WORK TASK.
In the records below, find the line holding "2025 FORD EXPLORER PLATINUM photo 8" and the line holding "The Aero Ruosh Men Black Slipper". Set down both, with every line between them, exactly.

ENTRIES SUPPLIED.
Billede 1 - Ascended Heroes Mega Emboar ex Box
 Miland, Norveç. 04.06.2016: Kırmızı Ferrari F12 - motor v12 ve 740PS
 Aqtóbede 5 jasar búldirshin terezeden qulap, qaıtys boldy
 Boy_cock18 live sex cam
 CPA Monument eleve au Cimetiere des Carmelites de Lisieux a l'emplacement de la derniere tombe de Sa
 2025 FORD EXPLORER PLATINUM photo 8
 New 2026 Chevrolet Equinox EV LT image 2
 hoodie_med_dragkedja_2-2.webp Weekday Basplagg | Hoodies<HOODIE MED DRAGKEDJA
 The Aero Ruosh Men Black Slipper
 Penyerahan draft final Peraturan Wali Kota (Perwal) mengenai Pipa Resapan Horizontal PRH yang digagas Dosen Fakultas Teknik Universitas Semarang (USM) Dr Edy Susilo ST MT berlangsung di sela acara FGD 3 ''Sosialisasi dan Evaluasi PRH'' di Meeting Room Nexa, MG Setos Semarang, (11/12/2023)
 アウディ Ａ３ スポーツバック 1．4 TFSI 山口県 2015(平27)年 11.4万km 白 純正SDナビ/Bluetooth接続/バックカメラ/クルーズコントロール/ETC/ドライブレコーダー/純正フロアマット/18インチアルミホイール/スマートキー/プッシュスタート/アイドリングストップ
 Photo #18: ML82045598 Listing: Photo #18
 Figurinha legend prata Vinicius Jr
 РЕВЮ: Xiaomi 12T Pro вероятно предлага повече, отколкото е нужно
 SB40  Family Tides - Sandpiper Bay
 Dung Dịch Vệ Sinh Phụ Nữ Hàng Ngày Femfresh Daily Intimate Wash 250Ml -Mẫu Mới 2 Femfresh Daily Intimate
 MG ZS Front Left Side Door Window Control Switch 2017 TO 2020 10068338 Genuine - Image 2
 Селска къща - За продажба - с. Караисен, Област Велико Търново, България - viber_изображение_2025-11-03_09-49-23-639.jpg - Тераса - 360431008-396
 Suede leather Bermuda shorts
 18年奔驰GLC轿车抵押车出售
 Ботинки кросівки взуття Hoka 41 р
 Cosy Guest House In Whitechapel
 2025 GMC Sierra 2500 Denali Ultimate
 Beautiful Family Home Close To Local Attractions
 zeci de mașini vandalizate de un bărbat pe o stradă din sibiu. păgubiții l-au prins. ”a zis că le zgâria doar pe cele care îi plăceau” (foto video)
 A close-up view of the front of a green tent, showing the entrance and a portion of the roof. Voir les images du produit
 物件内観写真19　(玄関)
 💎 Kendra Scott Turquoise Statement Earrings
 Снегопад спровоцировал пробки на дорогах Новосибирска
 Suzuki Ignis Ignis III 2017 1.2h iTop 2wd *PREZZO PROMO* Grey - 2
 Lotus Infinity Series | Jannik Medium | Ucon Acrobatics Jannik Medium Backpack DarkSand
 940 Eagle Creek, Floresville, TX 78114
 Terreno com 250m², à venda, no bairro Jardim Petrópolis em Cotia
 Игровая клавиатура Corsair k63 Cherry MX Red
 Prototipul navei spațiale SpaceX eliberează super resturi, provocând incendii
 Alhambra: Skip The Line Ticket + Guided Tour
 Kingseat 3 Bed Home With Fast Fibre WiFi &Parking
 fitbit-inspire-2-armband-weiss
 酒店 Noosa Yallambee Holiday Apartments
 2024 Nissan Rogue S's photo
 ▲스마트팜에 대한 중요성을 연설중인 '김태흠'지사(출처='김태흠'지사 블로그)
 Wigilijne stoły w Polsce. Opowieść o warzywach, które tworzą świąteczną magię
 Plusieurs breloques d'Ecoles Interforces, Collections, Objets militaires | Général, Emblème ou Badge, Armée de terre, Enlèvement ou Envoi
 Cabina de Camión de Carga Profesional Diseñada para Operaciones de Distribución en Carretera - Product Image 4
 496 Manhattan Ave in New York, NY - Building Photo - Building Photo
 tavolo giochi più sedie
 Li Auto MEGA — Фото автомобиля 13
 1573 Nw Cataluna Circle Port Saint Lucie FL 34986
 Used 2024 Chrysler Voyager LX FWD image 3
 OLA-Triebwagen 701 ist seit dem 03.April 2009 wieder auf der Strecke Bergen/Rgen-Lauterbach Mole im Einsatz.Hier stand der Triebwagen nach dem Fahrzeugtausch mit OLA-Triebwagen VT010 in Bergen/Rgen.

SOLUTION TO THE EXERCISE.
 2025 FORD EXPLORER PLATINUM photo 8
 New 2026 Chevrolet Equinox EV LT image 2
 hoodie_med_dragkedja_2-2.webp Weekday Basplagg | Hoodies<HOODIE MED DRAGKEDJA
 The Aero Ruosh Men Black Slipper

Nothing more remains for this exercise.